After several revisions, a pulled muscle in my right hand and hours and hours of cutting, taping, and wiring things together, he has been assembled, and taken apart into pieces to be reassembled in class tomorrow, in under 3 minutes. ain't gonna happen. but i think he will be able to stand up the full three hours. that's what she said. heehee.
now me and karen are watching new moon and having celebratory ice cream.
It's officially springtime, but I'm looking outside today, and the trees are still bare, and the sky is still gray. And it certainly doesn't feel like springtime. Today, I've been thinking about The Secret Garden, and how much I'd love to have a garden like that one, complete with a swing.
And I've decided that when I have a house someday I will grow my own fruits and veggies and flowers.
I love people. Everybody. I love them, I think, as a stamp collector loves his collection. Every story, every incident, every bit of conversation is raw material for me. My love's not impersonal yet not wholly subjective either. I would like to be everyone, a cripple, a dying man, a whore, and then come back to write about my thoughts, my emotions, as that person. But I am not omniscient. I have to live my life, and it is the only one I'll ever have. And you can not regard your own life with objective curiosity all the time...
(photo source unknown)
Sunday, March 21, 2010
So you know how I had to make a small dino sculpture?
Well now I have to make one that's my height (5'4")
It's taking FOREVER, and it sucks because it's not like a paper where I can go out somewhere with my laptop and do my work.
No, I have so much crap and materials and cardboard and tape and scraps that I am confined to my apartment basically. I spent so much time on it today and before I knew it it was dark outside and it was dinnertime and then I got very tired, which is where I am right now.
I just want to be done with this stupid thing. I hope tomorrow I figure out something FAST so I can get this thing finished. Regardless, I am making sure I go out and do something productive and fun for a little bit, like a trip to starbucks and a little bookshop browsing, and some yoga and a jog perhaps.
At least today I spent some time making myself a good dinner.
Anyway, I am making more than one dino post because this is quite a process, and I am taking pictures as I go along. Here's the start of it:
Step One: gather a whole bunch of "materials" such as cardboard, scissors, a cardboard cutter, wire, and several kinds of tape.
Step Two: Consult drawing from which to make a replica.
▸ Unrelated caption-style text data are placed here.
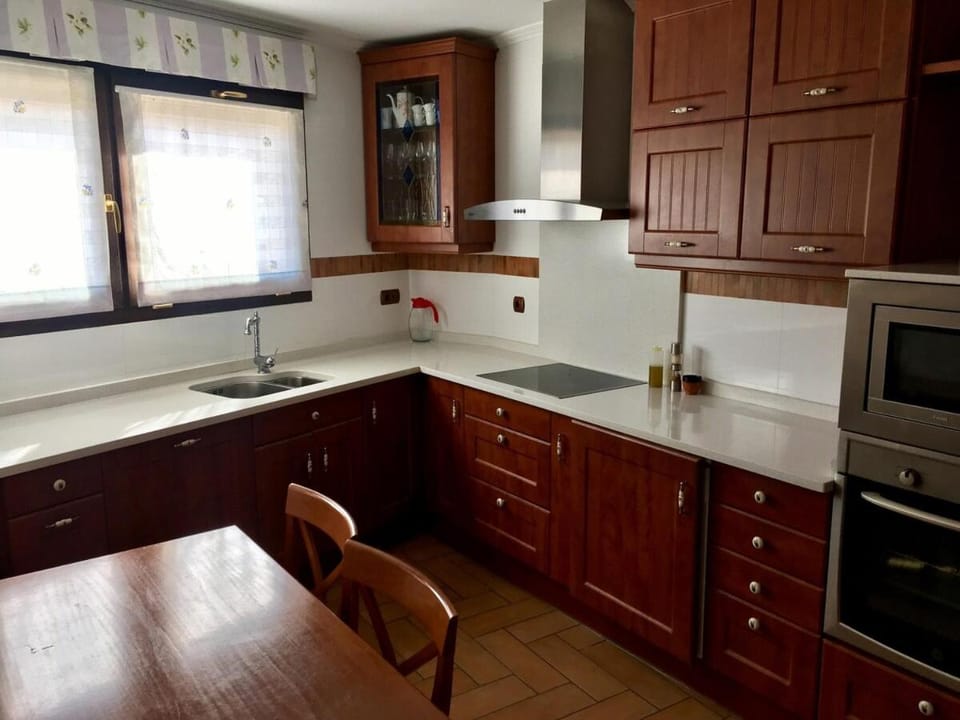 Kitchen or kitchenette, dishwasher, oven, stove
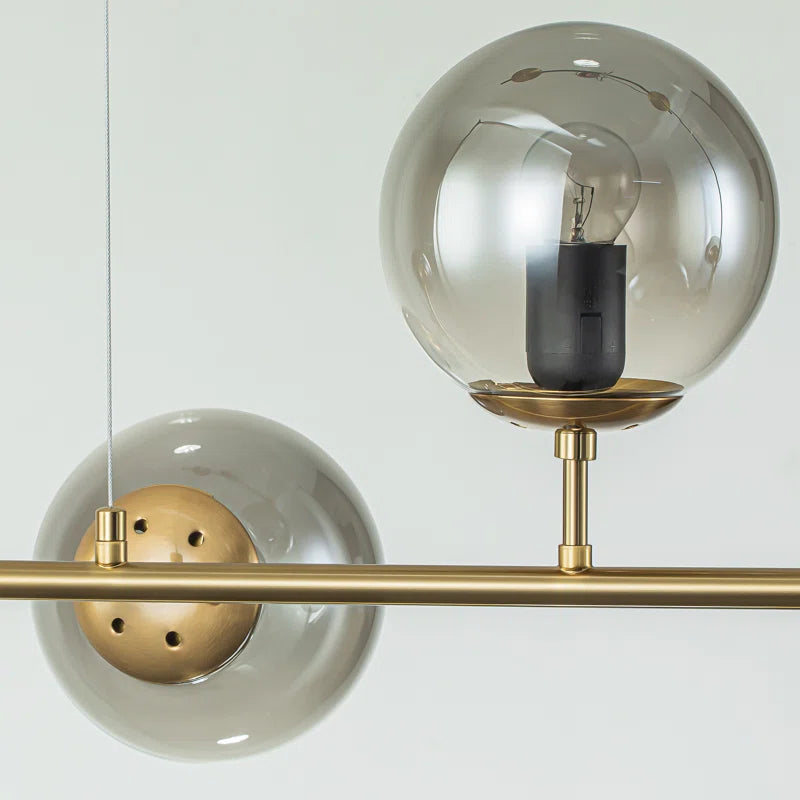 Light gold Worthington 6 linear Sputnik chandelier with globe glass bubbles, kitchen island pendant lamp by TheChandelierCo.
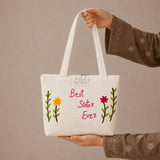 Hand holding Best Sister Ever embroidered canvas bag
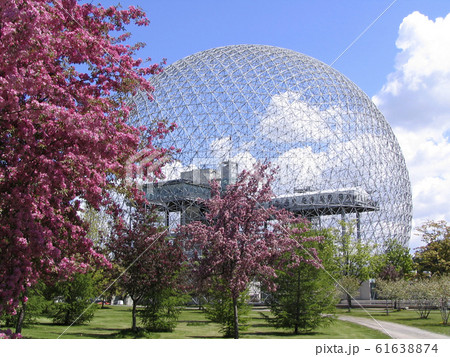 Biosphere of Montreal with pink cherry tree flowers on the foreground, Canada 61638874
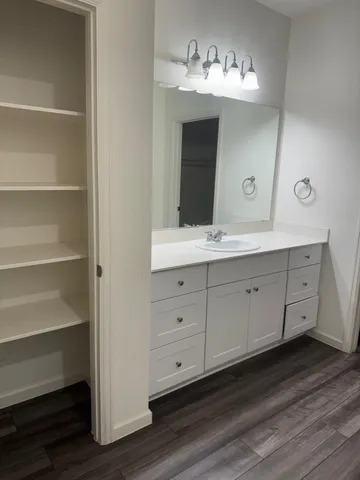 a bathroom with a double vanity sink and a mirror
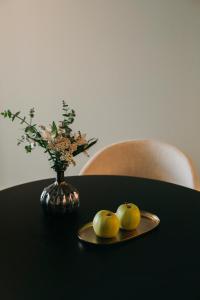 a table with a plate of apples and a vase with flowers at Hotels 705 Porto Prime Home in Porto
Devise some sort of loose plan.
Step Three: Start with the head and neck, make it out of cardboard then rethink it and redo it entirely out of paper.
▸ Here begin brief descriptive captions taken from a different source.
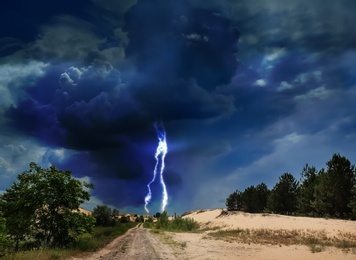 Picturesque thunderstorm in desert. Lightning striking from dark cloudy sky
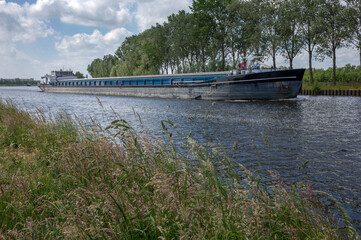 Fototapeta na wymiar Inland vessel. Barge at river. Canal. Beukers Netherlands. Hamingen. Zwartsluis. Meppeler Diep. Transport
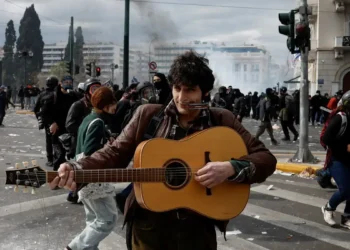 Τέμπη: Μουσικός παίζει κιθάρα εν μέσω των σοβαρών επεισοδίων με βόμβες μολότοφ και χημικά στο Σύνταγμα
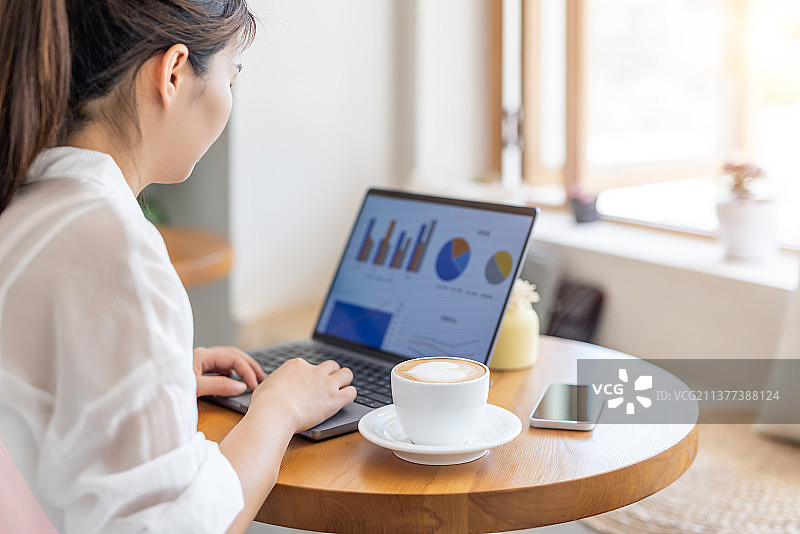 商务青年女子在咖啡馆使用笔记本电脑工作喝咖啡图片素材
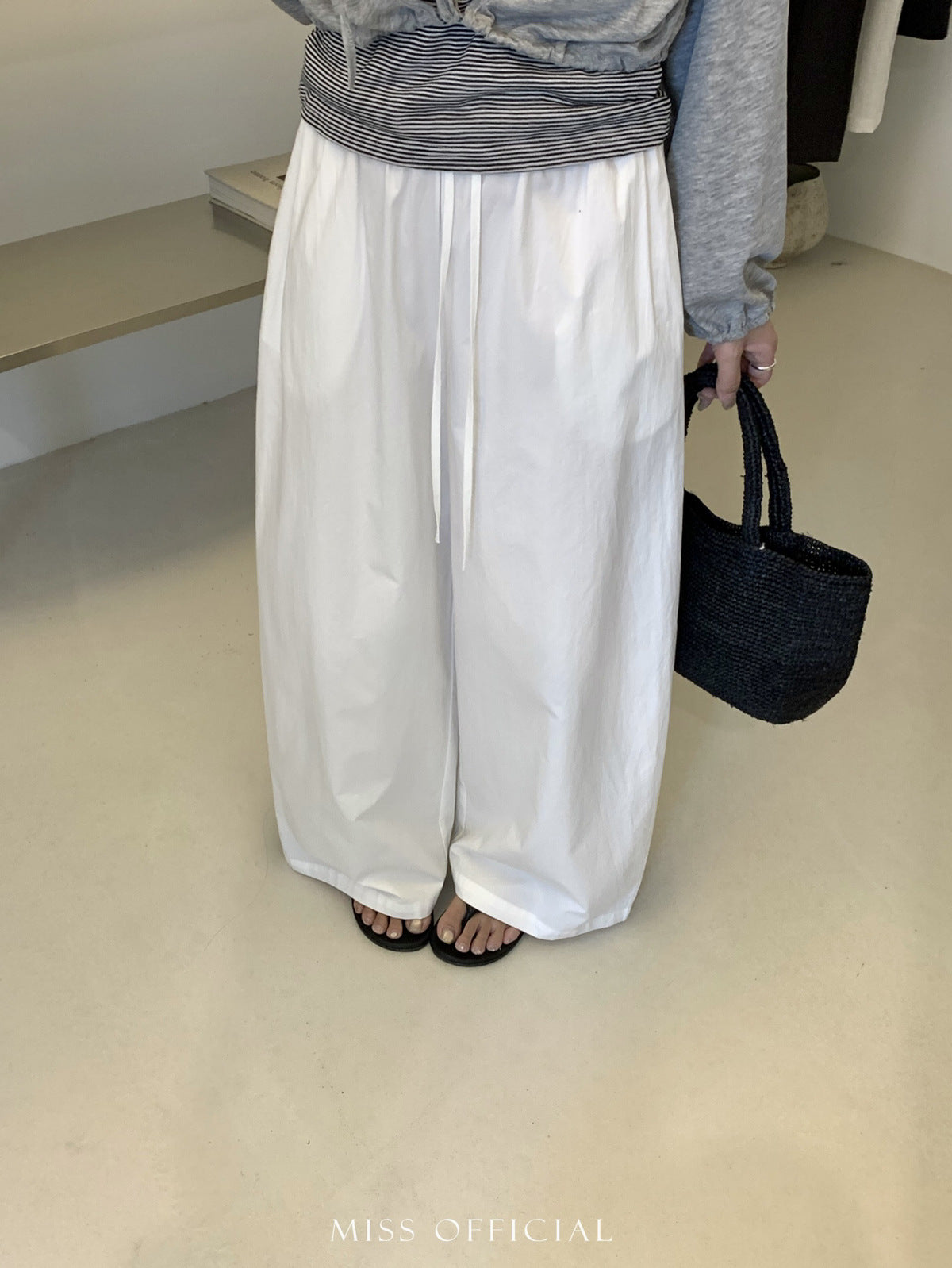 Front view of white barrel leg cotton trousers styled with a striped top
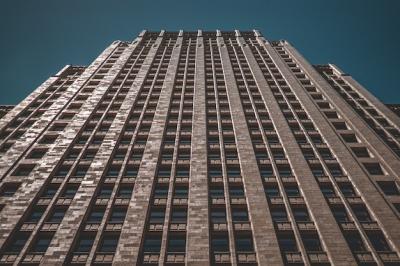 Low Angle Shot of a Tall Business Building Against a Dark Blue Background – Free Download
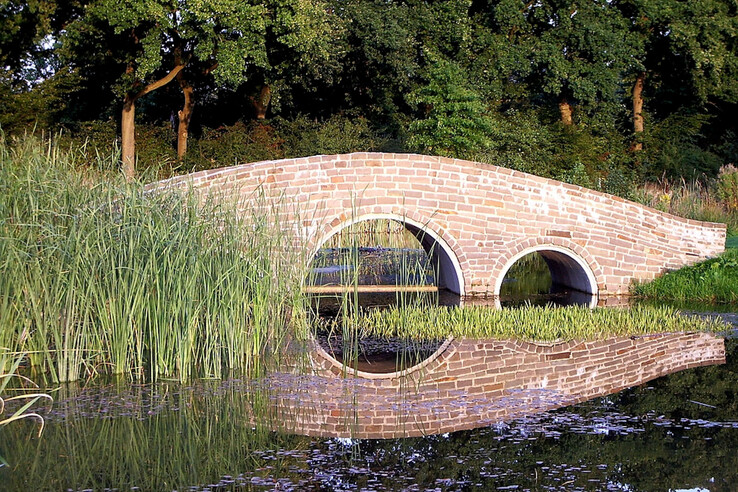 Steinbrücke mit zwei Bögen über einem Teich, umgeben von Schilf und Bäumen.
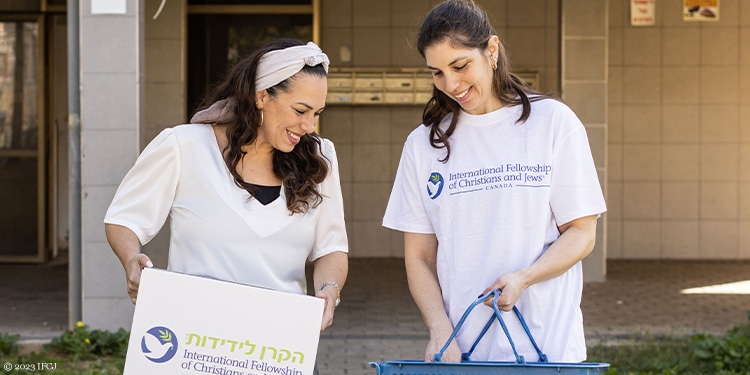 Yael with young woman distributing food boxes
Step Four: Go through the tedious task of creating a durable rib cage that can be disassembled:
Step Five: Put it all together and hope that the rest of the dinosaur will be easier, and faster, to make:
Posted by Julia at 6:32 PM
Wednesday, March 17, 2010
Hey guys, does anyone else out there have a tumblr?
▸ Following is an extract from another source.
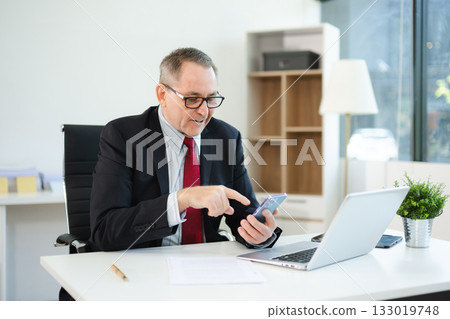 Mature business man executive manager looking at laptop watching online webinar training or having virtual working in office. 133019748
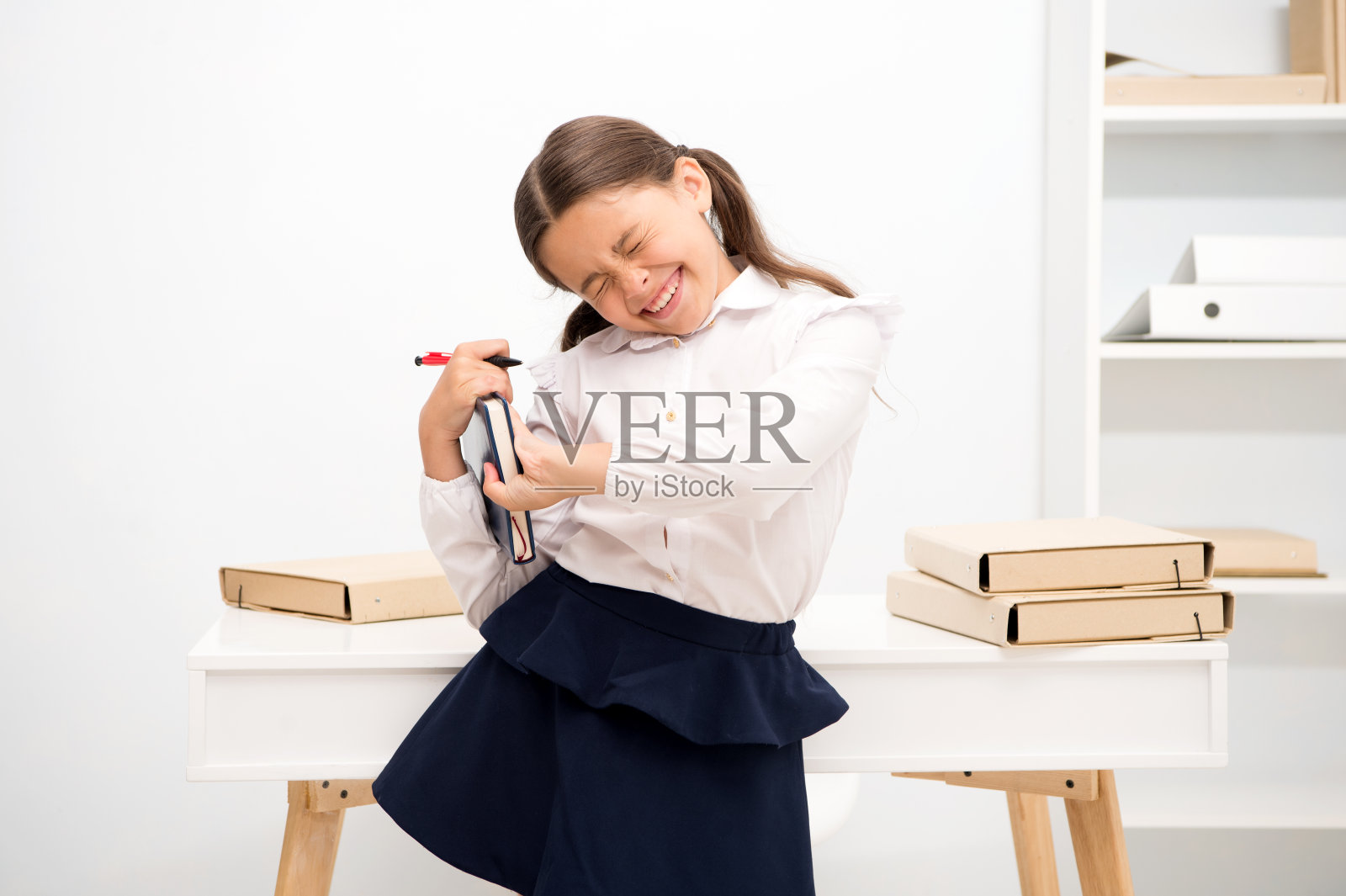 儿童校服做运动拉伸提高生产力。锻炼以保持活力。主动中断在教育过程中的作用。女孩拿着书，同时伸展白色的内部照片摄影图片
I do, and have for a while. I sort of forgot about it for a bit but last semester the spark was reignited. I think I ignored it for a while because I was very wrapped up in this blog, which I still am, but I discovered that my tumblr could actually contribute to this blog, by helping me to gather quotes and pictures to make Born in the Doorway prettier!
What I'm asking you guys is:
1. Do you have a tumblr?
2. Do you have any favorite tumblrs that you follow?
3. Would you follow my tumblr? I would follow yours!
I am looking for more tumblrs to look at, and more people to look at mine! I may be more motivated to make it interesting that way :)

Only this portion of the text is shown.